Окурки - Страница 10
– Такая прелестная фигурка, такие смелые линии подбородка и лба. Какая жизнь расстилалась перед нею, сколько мужчин лежало бы у ее ног, если б подправить ей биографию, поместить в другую среду!.. А получилось так, словно она не испытав страха первого поцелуя, сразу попала в постель сладкоречивого развратника. И была им брошена, оставлена, выгнана.
Николюкин, застигнутый на месте преступления, бросился под маневровый паровоз, а несколько часов спустя на курсах появился особист.
Часовой на КПП его не узнал: голова в бинтах, рука на перевязи. Позвал карнача, тот – дежурного по курсам. Всех троих особист изругал матерно, что показалось более странным, чем бинты. Кажется, особист пешком пришел со станции, до тою был измучен и весь в пыли. Попросил воды, жадно выпил две кружки. Рассказал, что случилось с ними, уехавшими в штаб, и услышанное так поразило дежурного по курсам, что он без околичностей брякнул: «Тебя тут немецкий агент почистил, все твои бумажки прочитал…» Особист всегда тихий, покладистый и неторопливый, стремительно пошел к себе, замер на пороге, здоровой рукой шарил по стене, ища выключатель, но так и не нашел его. Выручил дежурный, зажег свет. Будто слепой, особист, выставив перед собой здоровую руку, направился к раскрытому шкафу, потом поднял с пола одну папку, другую… Невидяще уставился на стол, на ящики стола, валявшиеся на полу, на бумага, покрывавшие пол.

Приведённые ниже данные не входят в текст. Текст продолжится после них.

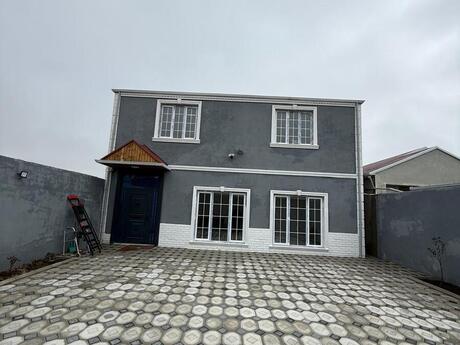 4 otaqlı həyət evi/bağ evi - Hövsan q. - 200 m²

Ни слова не произнес. Повернулся и пошел вон, не выключив света. Дежурный – ни жив, ей мертв – двигался сзади. Строевым шагом, как на плацу, особист приблизился к КПП и неожиданно бросился на часового, стал вырывать у него винтовку. Силы были неравными: особист владел только левой рукой, правая, забинтованная и загипсованная, мешала ему. Отброшенный часовым, услышав над ухом клацанье затвора, он (дежурный и карнач смотрели, разинув рты) стал вдруг вертеться на месте, стремясь как бы вывинтиться из себя, и пока вся дежурная служба таращила, ничего не понимая, глаза на извивающегося особиста, тот успел совершить задуманное: ремень с кобурой сдвинул под здоровую руку, достал ею пистолет и выстрелил себе в голову. «Готов», – сказал начальник медсанчасти, не прикасаясь к нему.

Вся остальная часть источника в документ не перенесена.